[Opening Records shown section]
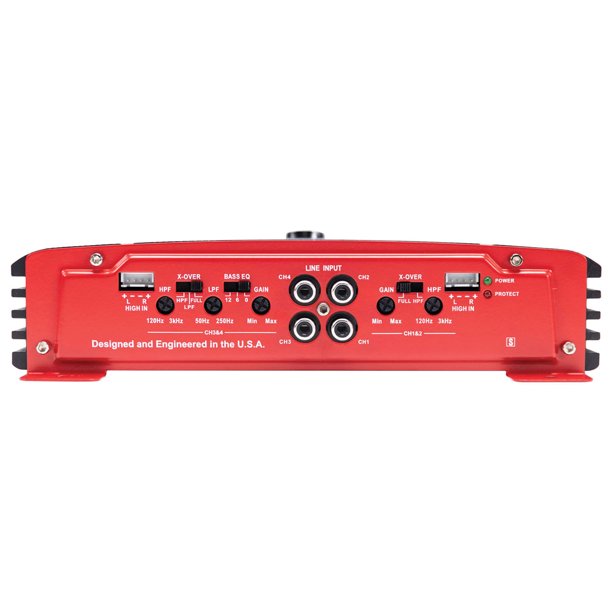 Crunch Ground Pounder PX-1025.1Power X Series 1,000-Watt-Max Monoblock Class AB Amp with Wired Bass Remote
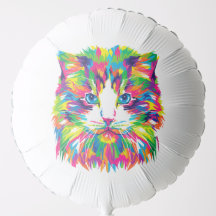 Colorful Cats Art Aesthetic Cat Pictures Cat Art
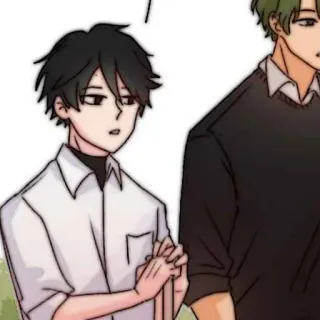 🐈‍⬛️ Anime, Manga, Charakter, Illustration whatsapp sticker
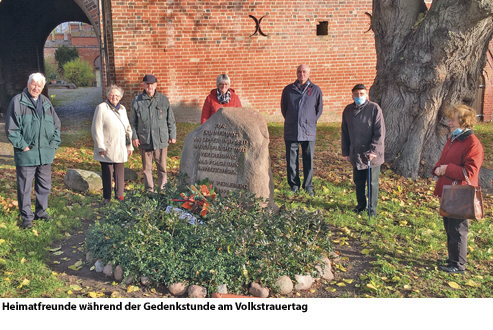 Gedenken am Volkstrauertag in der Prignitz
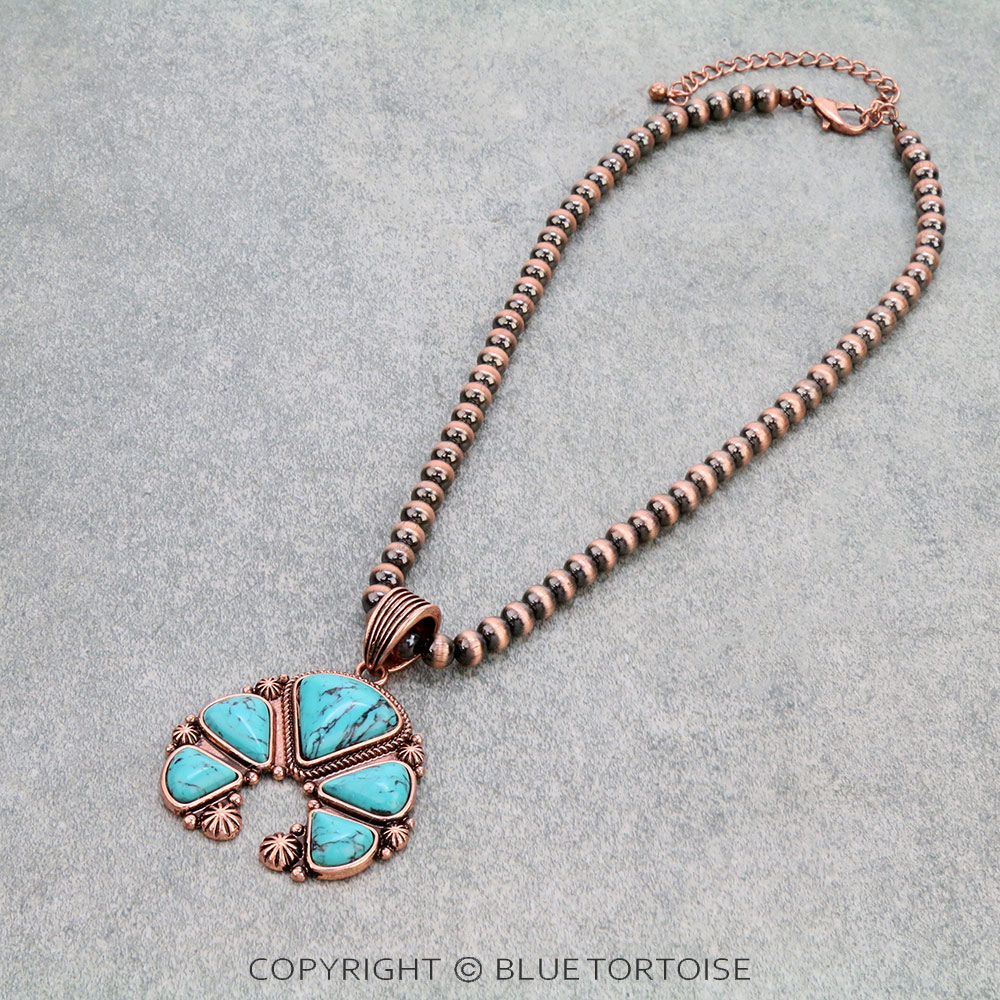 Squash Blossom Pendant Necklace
[Closing Records shown section]
[What is expected]: Leave the pictures out and reproduce exactly the lines from the line with "Illustration whatsapp sticker" to the end of the material above.

[Task response]:
 🐈‍⬛️ Anime, Manga, Charakter, Illustration whatsapp sticker
 Gedenken am Volkstrauertag in der Prignitz
 Squash Blossom Pendant Necklace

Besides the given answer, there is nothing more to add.